Manusia, baik itu laki-laki atau perempuan memiliki peran yang sama. Mereka adalah kholifatul fil’ard dimuka bumi ini. Maka demikian, laki-laki dan perempuan wajib memberikan kebermanfaatan dimuka bumi ini seluas-luasnya. Namun dewasa ini, kasus yang kerap kali terjadi di akar rumput masyarakat adalah “perempuan yang kehilangan dirinya” dalam sebuah relasi pernikahan.
Mereka adalah perempuan yang hidup bersama laki-laki patriarkis. Laki laki tersebut menggunakan otoritas teks-teks keagamaan untuk mengatur kendali perempuan yang dinikahinya. Bahkan hal ini pernah disampaikan oleh seorang publik figur, ia mengklaim bahwa “suara suami adalah suara tuhan”. Pandangan ini mengarah pada posisi dan peran istri sebagai makmum, yang berarti harus tunduk secara mutlak pada suami selaku imam.
Mengenai tugas dan peran istri, terdapat sebuah stigma yang mengakar di masyarakat bahwa tugas istri hanya berfokus pada hal-hal yang bersifat domestik, seperti halnya mencuci, membersihkan rumah, memasak, merawat dan mendidik anak dan lain sebagainya. Sungguh melelahkan, menjadi seorang istri di dunia misoginis. Ia tidak lepas dari debu-debu kotor yang tak ada habisnya. Bisa dikatakan bahwa tugas istri diranah domestik adalah bentukan dari kontruksi sosial masyarakat.
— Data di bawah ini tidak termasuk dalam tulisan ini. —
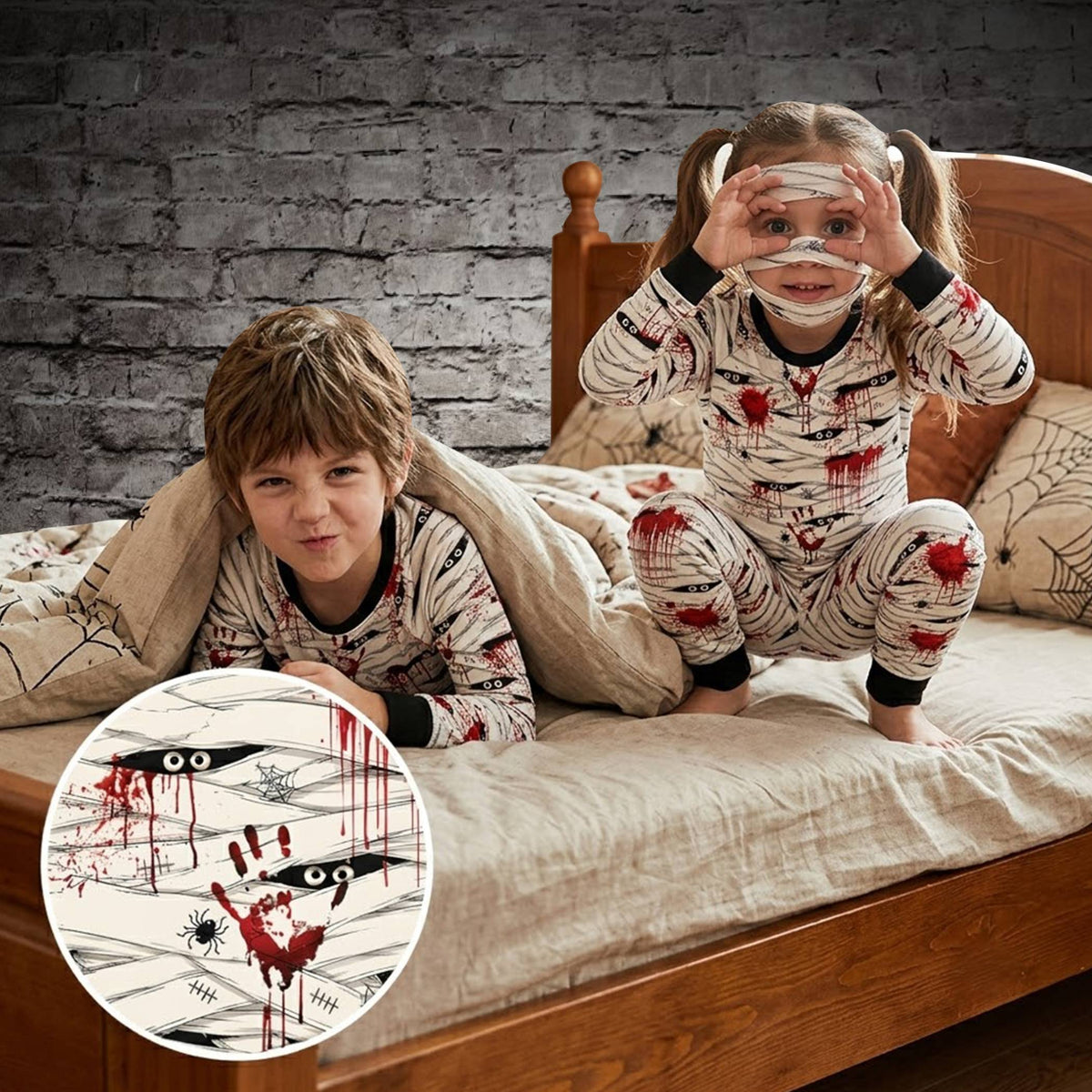 Family wearing matching holiday pajamas in a Halloween mummy design, lifestyle view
Sejatinya pekerjaan domestik adalah suatu pekerjaan yang tidak membutuhkan jenis kelamin tertentu. Baik suami, istri dan anak memiliki peranan penting dalam berbagi tugas dosmestik. Kesalingan untuk saling membantu pekerjaan domestik dalam rumahtangga menjadi sebuah langkah untuk membangun pernikahan yang punuh ketentraman
Sejatinya, Islam memiliki konsep dasar bahwa pernikahan adalah mitsaqan galizhan atau janji yang kokoh. Sebagaimana tertuang dalam Al-Qur’an Surat An-Nisa’ ayat 21:
“Dan kamu akan mengambil kembali, padahal kamu telah bergaul satu sama lain (sebagai suami istri). Dan mereka (istri-istrimu) telah mengambil berjanjian yang kuat (Ikatan pernikahan) dari kamu”.
Perkawinan dalam Islam adalah sebuah ikatan suci yang memiliki dimensi duniawi dan ukhrawi sekaligus. Maka dari itu, Islam mengatur hak dan kewajiban dalam relasi suami-istri, hubungan orangtua dan anak, serta hubungan mereka dengan keluarga lain sehingga terciptanya ketenangan dan kedamaian antar sesama (Mulia, 2020). Disamping itu, untuk menunaikan janji yang kokoh, sebuah pernikahan memerlukan fondasi yag kuat sebagai landasan agar tetap kokoh. Fondasi itu adalah tauhid. Tauhid yang berarti mengEsakan Allah dalam segala aspek kehidupan. Tidak menomorsatukan harta, kekeyaan, jabatan atau suami sekalipun. Bahwa Allah menjadi yang utama dan pertama, tiada yang lain selaniNya.
Disampaikan dalam buku yang ditulis oleh Soekarno yang berjudul Sarinah, bahwa perempuan dan laki-laki ibarat sepasang sayap. Sayap kanan yang diibaratkan perempuan dan sayap kiri yang diibaratkan lak-laki. Kedua sayap tersebut seharusnya saling beriringan dalam mencapai suatu tujuan. Jika dua sayap sama kuatnya, maka terbanglah burung itu sampai kepuncak yang setinggi-tingginya. Jika patah satu dari kedua sayap itu, maka tak dapat terbang burung itu sama sekali (Soekarno, 1947). Pemikiran soekarno ini, sudah selayaknya kita refleksikan bersama, guna mencapai kehidupan maslahah untuk seluruh umat manusia.